REQUIRED ACTION - Below are records to repeat exactly; do not include any pictures.

=== Section Start ===

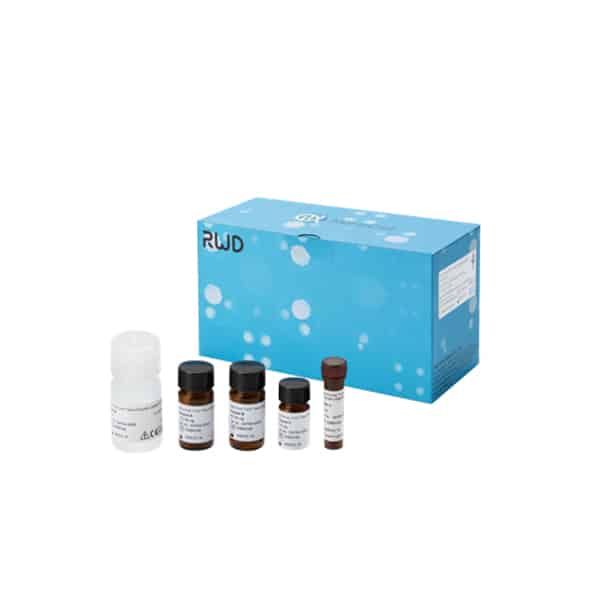 High Activity Tumor Tissue Enzymatic Digestion Kit(Human)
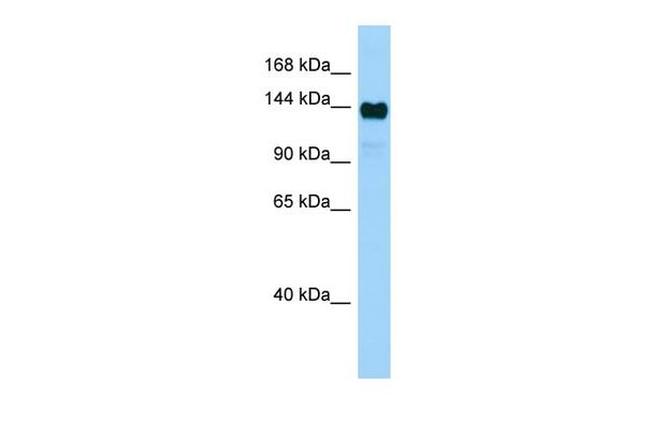 AFF4 Antibody in Western Blot (WB)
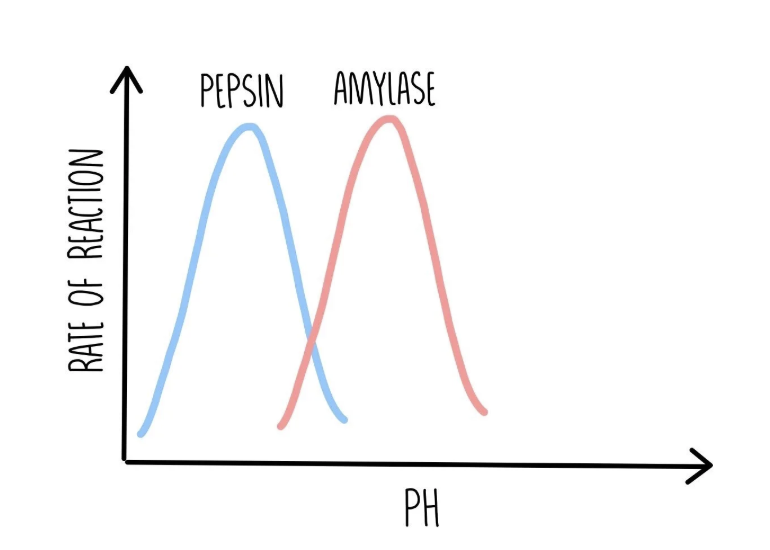<p>every enzyme works best at a certain pH level (optimum pH).</p><p></p><p>if the pH level varies too much, the bonds holding the amino acid chain together may be broken or disrupted, changing the active sites’ shapes, preventing them from binding to substrate molecules. this is <strong>denaturation</strong>.</p>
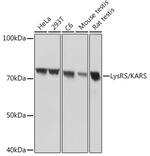 KARS Antibody in Western Blot (WB)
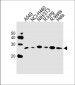R Cebpd Antibody (Center)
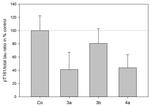 Phospho-Tau (Thr231) Antibody in Western Blot (WB)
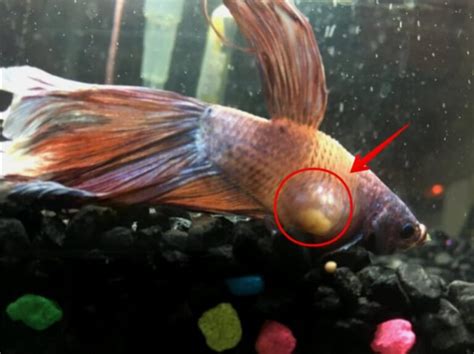 Betta Fish Tumor Everything You Need To Know About The Symptoms And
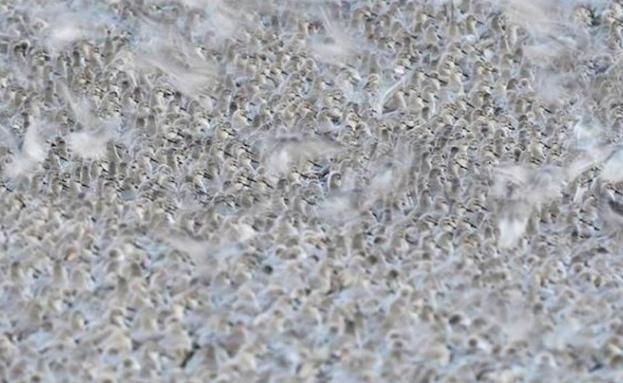 Nuevo récord en el concurso fotográfico de FIO, con 2.351 imágenes de aves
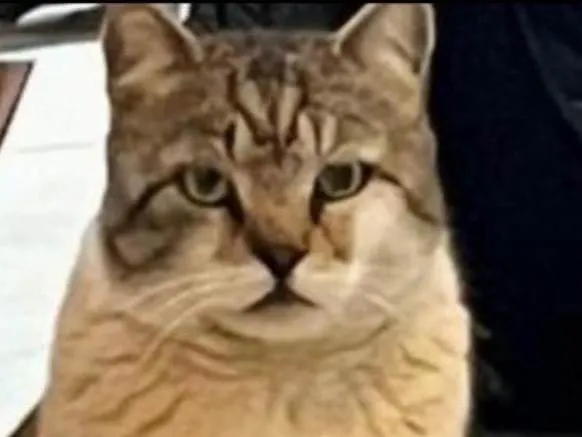 Gato ra a SRD-ViraLata idade 1 ano nome Romeu 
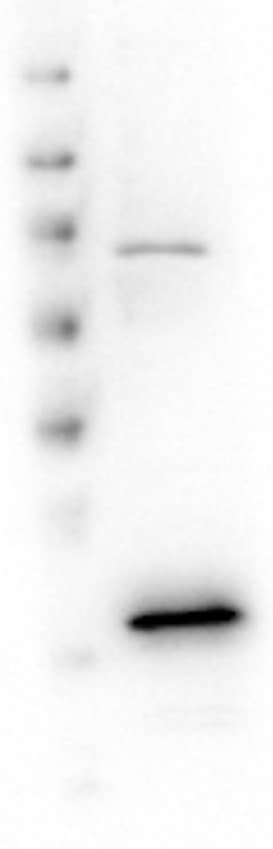 Polyclonal Rabbit anti-Human VDAC1 / PORIN Antibody (IHC, WB)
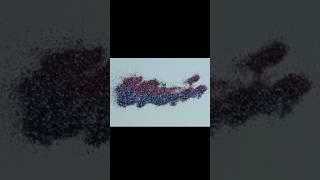 Glitter name Calligraphy #art #artbybia #bia #artist #trending #viral #shortsfeed #shorts #popular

=== Section End ===

SOLUTION BELOW -
 High Activity Tumor Tissue Enzymatic Digestion Kit(Human)
 AFF4 Antibody in Western Blot (WB)
<p>every enzyme works best at a certain pH level (optimum pH).</p><p></p><p>if the pH level varies too much, the bonds holding the amino acid chain together may be broken or disrupted, changing the active sites’ shapes, preventing them from binding to substrate molecules. this is <strong>denaturation</strong>.</p>
 KARS Antibody in Western Blot (WB)
R Cebpd Antibody (Center)
 Phospho-Tau (Thr231) Antibody in Western Blot (WB)
 Betta Fish Tumor Everything You Need To Know About The Symptoms And
 Nuevo récord en el concurso fotográfico de FIO, con 2.351 imágenes de aves
 Gato ra a SRD-ViraLata idade 1 ano nome Romeu 
 Polyclonal Rabbit anti-Human VDAC1 / PORIN Antibody (IHC, WB)
 Glitter name Calligraphy #art #artbybia #bia #artist #trending #viral #shortsfeed #shorts #popular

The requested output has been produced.